Because, Jewish Agency sources say, the government gave his time a take-it-or- leave-it offer, engineered by Youth Aliyah Chairman Yehiel Leket.

Recall that before being beaten by Burg, Leket was the late Prime Minister Yitzhak Rabin’s choice for Jewish Agency chairman. He is said to still have a loyal following in Jewish Agency and Labor Party circles. Sources say Leket was not interested in having his division be under the influence of Chairman Burg in any way, and his allies complied.

Although seemingly outflanked on the political end, Burg can “still come out smelling like roses,” said one Jewish Agency insider. The chairman had said something radical needed to be done to save the Jewish Agency, and he “produced a deal that will free up dollars for him to use as he sees fit.”

But that’s all Israeli politics.

In in the Diaspora camp, fund-raisers were generally upbeat. Many expressed the belief that a more concentrated focus would be good for fund raising, because it will help them market the Jewish Agency’s activities more effectively.

This is something the United Jewish Appeal and Jewish federations in North America “have not been able to do effectively until now,” said Bennett Aaron of Philadelphia, a member of the Board of Governors.

The Jewish Agency is the primary recipient of funds raised for overseas needs by the UJA and Jewish community federations. The agency received $201 million in funding in 1994, $30 million less than in 1993.

Most federations have reduced the percentage of annual campaign proceeds they allocate to Israel from 60 percent a decade ago to a current average of approximately 40 percent.

Federations will now be expected to do more to save the Jewish Agency. In fact, the viability of the recovery program rests on Diaspora fund-raisers’ pledge to raise an additional $230 million over the next five years.

But considering the environment in which they work, the challenge to Diaspora fundraisers to keep end of the bargain will be formidable. Here’s why: * Trends indicate that federation are leaning towards reducing allocations to Israel in order to deal with growing problems at home, such as rapid simulation and Republican-driven budget cuts that are crippling local social services. * Many donors are now more inclined to give to specific causes, as indicated in the significant rise in giving to hospitals, schools and universities over the years, and not to a broad menu of services, such as those supported by the UJA. * In jettisoning Youth Aliyah from the Jewish Agency umbrella, the UJA may have lost one of its best-selling “kishka” programs.

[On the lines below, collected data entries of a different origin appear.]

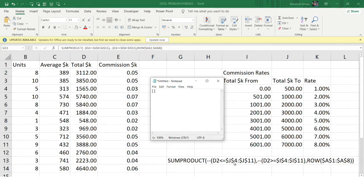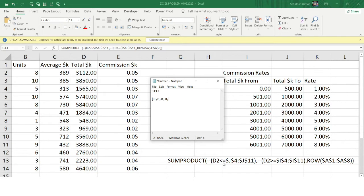So what array do we get? D2 is 3112. Checking 3112 against range J4:J11 — is 3112 less than or equal to 500? No. Less than or equal to 1000? No. 2000? No. 3000? No. But 4000 — yes, 4000 is greater than 3112, so we get a 1. For 5000, 6000, and 7000, the condition is also true, returning 1 for each. So the first array is now resolved.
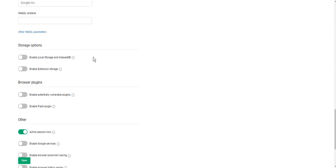Currently, GoLogin supports local storage, indexed DB, and extension storage. Despite the fact that local storage and indexed DB are slightly different things, both storage are designed for local storage of data about you. They can be used to track users and collect information about your activity.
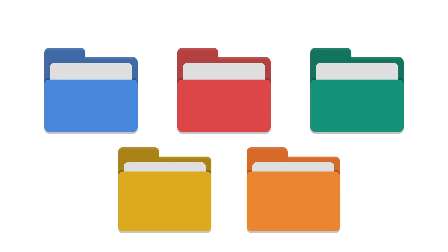In our example we'll be creating five network shares: Finance, Homework, Manuals, Public and Software. Our aim is to give you a few suggestions for the types of shares that you can create for your own home network.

So how will the recovery plan, while an impressive budget buster, help fund- raisers put more money back into the pipeline? By improving the Jewish Agency’s focus and marketability, say agency leaders.

“Our leadership wants to see a healthy instrument which is strong and has vision,” said Rabbi Harvey Fields of Los Angeles, a member of the Board of Governors. “Approval of this plan gives the agency this.”

Richard Pearlstone, national chairman, of UJA, agrees. “Now we have a focus – aliyah and absorption – and that’s what sells,” he said.

Still, a few fund-raisers voiced doubts as to the immediate impact of the Board of Governors’ decisions on local communities.

“Most donors are totally tuned out to the details of the agency’s programs and would give me a blank stare if I told them Youth Aliyah was cut out,” said Aaron of Philadelphia. “They simply trust the leadership and follow their guidance.”

Still, most agreed that the impact of the recovery plan would, sooner or later, be positive for communal fund raising.

“If nothing else, we prepared the solid ground to move into the future,” said Tom Falik of Atlanta, chairman of the Board of Governor’s Budget Subcommittee on Aliyah and Absorption. “We are now positioned to do aliyah and absorption the way it’s supposed to be done – and our donors will like that.”